* Your task:
The records below hold a stretch from the line with "Let's discuss two" through the line with "So that's a"; return exactly those lines, ends included, and nothing more.

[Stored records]

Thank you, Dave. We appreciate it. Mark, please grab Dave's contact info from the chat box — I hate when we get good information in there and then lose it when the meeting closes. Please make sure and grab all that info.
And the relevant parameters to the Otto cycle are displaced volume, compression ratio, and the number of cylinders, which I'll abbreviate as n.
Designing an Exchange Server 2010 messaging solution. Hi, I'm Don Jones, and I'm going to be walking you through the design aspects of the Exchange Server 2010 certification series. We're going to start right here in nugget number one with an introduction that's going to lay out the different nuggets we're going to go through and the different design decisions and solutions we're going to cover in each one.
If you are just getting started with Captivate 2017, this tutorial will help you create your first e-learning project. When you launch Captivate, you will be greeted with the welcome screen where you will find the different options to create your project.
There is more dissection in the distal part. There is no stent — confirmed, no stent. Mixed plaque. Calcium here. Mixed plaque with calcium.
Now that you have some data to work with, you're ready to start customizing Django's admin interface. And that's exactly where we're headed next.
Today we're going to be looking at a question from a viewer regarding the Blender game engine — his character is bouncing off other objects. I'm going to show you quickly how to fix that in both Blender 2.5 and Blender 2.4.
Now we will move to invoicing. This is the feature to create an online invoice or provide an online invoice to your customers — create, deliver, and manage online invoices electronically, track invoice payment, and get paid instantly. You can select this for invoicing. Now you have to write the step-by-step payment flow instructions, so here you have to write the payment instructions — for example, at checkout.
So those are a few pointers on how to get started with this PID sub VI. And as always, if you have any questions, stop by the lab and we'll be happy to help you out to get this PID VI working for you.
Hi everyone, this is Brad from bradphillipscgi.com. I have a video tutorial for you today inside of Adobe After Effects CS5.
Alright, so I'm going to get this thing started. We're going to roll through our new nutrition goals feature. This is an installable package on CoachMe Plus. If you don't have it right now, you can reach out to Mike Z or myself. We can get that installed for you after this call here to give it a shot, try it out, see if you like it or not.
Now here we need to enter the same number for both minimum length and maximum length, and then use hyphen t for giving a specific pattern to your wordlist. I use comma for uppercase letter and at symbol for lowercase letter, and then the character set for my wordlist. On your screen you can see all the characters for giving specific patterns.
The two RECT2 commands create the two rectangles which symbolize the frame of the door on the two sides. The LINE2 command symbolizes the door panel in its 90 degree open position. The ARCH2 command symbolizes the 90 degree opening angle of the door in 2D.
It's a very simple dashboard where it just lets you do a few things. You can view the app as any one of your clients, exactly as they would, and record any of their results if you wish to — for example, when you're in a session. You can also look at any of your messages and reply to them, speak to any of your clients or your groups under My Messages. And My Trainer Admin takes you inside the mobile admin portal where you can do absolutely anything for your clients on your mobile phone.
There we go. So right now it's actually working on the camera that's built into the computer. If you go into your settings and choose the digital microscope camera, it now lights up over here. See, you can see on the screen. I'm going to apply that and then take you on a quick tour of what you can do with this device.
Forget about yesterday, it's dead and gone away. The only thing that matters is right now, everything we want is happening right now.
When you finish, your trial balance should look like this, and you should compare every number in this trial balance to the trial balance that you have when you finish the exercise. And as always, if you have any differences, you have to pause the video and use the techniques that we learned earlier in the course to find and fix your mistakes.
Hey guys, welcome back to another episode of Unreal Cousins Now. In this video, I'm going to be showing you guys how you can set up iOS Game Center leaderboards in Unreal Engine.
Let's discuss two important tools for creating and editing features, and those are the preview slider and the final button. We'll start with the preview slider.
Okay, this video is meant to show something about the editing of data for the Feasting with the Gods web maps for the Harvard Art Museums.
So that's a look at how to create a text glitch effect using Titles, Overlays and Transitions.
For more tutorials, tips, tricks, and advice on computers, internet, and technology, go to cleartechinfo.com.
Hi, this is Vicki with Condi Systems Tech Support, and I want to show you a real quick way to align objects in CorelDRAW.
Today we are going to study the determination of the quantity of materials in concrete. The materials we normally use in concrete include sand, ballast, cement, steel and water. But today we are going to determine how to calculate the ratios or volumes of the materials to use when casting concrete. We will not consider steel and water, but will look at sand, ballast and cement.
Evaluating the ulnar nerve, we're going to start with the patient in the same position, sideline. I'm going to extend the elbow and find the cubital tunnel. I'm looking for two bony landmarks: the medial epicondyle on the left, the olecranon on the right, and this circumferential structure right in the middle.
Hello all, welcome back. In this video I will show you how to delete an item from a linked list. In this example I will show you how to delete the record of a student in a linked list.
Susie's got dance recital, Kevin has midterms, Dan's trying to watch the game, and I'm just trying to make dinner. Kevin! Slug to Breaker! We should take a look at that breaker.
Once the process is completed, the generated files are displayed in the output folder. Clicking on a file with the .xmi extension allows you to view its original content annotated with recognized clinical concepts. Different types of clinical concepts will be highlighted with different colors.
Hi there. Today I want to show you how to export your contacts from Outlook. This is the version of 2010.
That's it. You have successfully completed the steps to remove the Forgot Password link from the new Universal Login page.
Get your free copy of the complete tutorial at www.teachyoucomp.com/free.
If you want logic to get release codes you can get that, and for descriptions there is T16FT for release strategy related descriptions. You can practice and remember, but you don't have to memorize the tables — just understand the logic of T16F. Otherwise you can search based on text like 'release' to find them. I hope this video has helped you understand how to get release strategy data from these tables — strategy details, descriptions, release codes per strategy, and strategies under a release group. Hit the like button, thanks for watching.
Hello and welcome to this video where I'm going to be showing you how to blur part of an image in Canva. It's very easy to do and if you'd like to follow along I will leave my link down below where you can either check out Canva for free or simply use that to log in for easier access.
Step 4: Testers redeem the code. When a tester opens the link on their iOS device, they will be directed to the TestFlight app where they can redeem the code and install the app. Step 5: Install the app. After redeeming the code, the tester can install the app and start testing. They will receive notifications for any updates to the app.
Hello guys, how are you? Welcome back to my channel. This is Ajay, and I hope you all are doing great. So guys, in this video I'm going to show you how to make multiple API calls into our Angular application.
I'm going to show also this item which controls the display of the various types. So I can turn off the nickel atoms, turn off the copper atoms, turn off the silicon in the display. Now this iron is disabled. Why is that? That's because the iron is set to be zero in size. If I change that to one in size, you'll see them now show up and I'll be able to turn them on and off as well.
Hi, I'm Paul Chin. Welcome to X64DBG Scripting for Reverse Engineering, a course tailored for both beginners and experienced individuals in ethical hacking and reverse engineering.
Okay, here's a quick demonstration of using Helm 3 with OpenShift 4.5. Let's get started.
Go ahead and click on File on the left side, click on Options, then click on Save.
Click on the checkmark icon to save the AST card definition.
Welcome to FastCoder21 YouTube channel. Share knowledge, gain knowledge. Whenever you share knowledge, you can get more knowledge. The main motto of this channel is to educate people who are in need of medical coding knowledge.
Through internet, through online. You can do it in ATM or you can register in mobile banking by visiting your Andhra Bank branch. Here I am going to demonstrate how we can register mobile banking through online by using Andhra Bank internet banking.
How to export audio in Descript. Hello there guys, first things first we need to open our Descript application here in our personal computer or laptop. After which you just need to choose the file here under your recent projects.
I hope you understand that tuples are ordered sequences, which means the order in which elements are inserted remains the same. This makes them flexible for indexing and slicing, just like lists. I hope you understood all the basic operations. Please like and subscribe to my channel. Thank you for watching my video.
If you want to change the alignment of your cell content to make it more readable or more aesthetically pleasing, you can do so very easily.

* Response area:
Let's discuss two important tools for creating and editing features, and those are the preview slider and the final button. We'll start with the preview slider.
Okay, this video is meant to show something about the editing of data for the Feasting with the Gods web maps for the Harvard Art Museums.
So that's a look at how to create a text glitch effect using Titles, Overlays and Transitions.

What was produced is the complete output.